Traditional ETFs tell the public what assets they hold each day. This fund will not. This may create additional risks for your investment. For example:

  • You may have to pay more money to trade the fund’s shares. This fund will provide less information to traders, who tend to charge more for trades when they have less information.
  • The price you pay to buy fund shares on an exchange may not match the value of the fund’s portfolio. The same is true when you sell shares. These price differences may be greater for this fund compared to other ETFs because it provides less information to traders.
  • These additional risks may be even greater in bad or uncertain market conditions.
  • The ETF will publish on its website each day a “Proxy Portfolio” designed to help trading in shares of the ETF. While the Proxy Portfolio includes some of the ETF’s holdings, it is not the ETF’s actual portfolio.

The differences between this fund and other ETFs may also have advantages.
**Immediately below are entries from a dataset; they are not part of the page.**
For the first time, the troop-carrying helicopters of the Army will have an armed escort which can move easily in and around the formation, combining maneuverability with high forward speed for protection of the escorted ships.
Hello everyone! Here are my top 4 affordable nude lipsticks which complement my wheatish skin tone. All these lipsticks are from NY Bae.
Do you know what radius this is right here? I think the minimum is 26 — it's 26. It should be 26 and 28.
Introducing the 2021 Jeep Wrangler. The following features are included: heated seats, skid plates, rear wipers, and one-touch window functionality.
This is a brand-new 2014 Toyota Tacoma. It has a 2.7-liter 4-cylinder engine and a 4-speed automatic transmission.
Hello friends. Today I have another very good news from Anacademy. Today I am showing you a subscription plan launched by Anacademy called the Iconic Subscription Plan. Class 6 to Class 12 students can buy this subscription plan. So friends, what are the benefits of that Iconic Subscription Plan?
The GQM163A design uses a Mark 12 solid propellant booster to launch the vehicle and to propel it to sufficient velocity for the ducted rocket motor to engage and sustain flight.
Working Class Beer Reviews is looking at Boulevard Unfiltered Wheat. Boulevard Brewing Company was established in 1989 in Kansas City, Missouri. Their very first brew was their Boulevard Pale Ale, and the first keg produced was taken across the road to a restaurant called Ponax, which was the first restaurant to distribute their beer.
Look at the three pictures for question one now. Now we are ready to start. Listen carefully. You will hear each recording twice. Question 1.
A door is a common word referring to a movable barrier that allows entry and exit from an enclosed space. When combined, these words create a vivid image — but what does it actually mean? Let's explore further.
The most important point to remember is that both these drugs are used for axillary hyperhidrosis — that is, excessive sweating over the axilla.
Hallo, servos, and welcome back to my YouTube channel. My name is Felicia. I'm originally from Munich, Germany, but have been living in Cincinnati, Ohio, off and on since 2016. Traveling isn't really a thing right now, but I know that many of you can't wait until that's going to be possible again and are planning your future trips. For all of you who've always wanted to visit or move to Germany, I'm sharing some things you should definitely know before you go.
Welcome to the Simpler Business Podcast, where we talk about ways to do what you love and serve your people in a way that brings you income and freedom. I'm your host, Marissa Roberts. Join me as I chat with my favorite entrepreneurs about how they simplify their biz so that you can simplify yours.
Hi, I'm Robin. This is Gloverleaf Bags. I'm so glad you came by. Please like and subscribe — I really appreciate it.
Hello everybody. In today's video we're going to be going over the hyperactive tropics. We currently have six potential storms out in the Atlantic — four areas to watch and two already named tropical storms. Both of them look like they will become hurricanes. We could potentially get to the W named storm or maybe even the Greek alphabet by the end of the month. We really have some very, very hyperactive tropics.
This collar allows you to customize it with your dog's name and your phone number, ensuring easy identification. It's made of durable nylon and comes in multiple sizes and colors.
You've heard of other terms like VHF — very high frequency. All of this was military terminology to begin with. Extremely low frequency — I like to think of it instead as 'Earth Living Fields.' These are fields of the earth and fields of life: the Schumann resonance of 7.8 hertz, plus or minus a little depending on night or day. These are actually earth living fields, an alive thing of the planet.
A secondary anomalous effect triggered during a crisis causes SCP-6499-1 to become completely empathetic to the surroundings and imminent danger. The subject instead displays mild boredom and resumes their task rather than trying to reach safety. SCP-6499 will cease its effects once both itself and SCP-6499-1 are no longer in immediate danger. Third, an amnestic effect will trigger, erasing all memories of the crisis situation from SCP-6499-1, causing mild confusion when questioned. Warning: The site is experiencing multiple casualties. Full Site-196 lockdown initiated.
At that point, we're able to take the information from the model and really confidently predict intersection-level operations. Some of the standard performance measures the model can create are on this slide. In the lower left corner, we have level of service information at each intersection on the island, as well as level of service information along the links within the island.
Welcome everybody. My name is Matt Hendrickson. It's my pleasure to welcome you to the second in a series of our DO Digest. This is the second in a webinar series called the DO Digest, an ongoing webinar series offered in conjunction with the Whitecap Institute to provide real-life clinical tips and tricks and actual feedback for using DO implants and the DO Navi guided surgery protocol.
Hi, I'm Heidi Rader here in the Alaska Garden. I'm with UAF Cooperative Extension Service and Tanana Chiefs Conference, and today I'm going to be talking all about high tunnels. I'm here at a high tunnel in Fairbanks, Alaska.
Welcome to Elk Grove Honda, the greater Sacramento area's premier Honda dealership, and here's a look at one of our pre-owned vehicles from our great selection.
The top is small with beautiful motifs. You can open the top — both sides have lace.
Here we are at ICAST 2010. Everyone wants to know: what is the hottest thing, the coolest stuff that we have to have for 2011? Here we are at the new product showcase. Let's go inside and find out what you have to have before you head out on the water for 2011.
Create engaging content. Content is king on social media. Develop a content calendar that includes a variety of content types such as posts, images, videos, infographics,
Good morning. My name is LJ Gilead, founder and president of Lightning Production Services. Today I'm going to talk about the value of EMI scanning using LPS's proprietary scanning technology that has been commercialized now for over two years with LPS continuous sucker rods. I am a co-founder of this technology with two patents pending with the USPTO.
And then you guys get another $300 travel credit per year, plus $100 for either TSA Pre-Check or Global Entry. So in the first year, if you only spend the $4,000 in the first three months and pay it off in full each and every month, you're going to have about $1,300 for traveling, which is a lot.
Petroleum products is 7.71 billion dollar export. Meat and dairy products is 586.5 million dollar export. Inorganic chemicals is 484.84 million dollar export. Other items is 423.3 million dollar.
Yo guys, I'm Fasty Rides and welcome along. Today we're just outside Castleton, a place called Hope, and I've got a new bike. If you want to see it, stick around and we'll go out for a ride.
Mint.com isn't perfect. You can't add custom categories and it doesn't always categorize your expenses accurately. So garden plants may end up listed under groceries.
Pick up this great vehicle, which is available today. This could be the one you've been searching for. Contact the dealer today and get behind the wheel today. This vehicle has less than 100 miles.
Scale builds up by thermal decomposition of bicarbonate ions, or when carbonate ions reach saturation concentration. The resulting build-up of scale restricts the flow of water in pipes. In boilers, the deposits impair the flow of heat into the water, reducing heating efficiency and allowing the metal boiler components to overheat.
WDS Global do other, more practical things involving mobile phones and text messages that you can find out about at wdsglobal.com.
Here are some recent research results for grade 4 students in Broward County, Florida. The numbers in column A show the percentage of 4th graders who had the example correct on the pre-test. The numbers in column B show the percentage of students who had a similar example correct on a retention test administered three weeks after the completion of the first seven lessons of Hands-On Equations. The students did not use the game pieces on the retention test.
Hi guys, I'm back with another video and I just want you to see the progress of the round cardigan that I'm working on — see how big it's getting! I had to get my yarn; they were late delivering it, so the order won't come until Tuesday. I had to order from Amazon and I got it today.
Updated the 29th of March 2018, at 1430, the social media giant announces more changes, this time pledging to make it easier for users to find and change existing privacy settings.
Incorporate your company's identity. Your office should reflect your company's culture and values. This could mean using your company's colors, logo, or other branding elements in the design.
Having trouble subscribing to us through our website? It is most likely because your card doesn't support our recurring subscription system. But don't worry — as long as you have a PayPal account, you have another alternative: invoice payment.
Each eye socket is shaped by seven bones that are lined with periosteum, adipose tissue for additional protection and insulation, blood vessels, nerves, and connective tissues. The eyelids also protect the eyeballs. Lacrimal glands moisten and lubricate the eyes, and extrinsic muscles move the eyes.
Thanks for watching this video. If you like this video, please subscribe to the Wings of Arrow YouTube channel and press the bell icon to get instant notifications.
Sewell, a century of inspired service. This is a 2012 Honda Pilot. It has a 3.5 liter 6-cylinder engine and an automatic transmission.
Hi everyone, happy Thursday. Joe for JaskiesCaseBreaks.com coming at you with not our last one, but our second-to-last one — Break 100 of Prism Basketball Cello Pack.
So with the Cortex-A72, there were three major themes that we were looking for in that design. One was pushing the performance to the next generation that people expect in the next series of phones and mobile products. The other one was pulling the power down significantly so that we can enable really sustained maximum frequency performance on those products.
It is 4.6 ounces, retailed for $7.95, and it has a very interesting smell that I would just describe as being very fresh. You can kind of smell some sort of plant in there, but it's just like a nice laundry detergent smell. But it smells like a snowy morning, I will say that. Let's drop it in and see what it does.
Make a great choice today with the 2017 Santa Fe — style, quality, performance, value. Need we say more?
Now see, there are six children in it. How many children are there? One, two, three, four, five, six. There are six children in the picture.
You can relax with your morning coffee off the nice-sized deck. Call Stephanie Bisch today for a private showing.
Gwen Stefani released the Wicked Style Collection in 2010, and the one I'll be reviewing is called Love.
By keeping certain information about the fund secret, this fund may face less risk that other traders can predict or copy its investment strategy. This may improve the fund’s performance. If other traders are able to copy or predict the fund’s investment strategy, however, this may hurt the fund’s performance.

For additional information regarding the unique attributes and risks of the fund, see Proxy Portfolio Risk, Premium/Discount Risk, Trading Halt Risk, Authorized Participant Concentration Risk, Tracking Error Risk and Shares of the Fund May Trade at Prices Other Than NAV in the Principal Risks and Proxy Portfolio and Proxy Overlap sections of the prospectus and/or the Statement of Additional Information.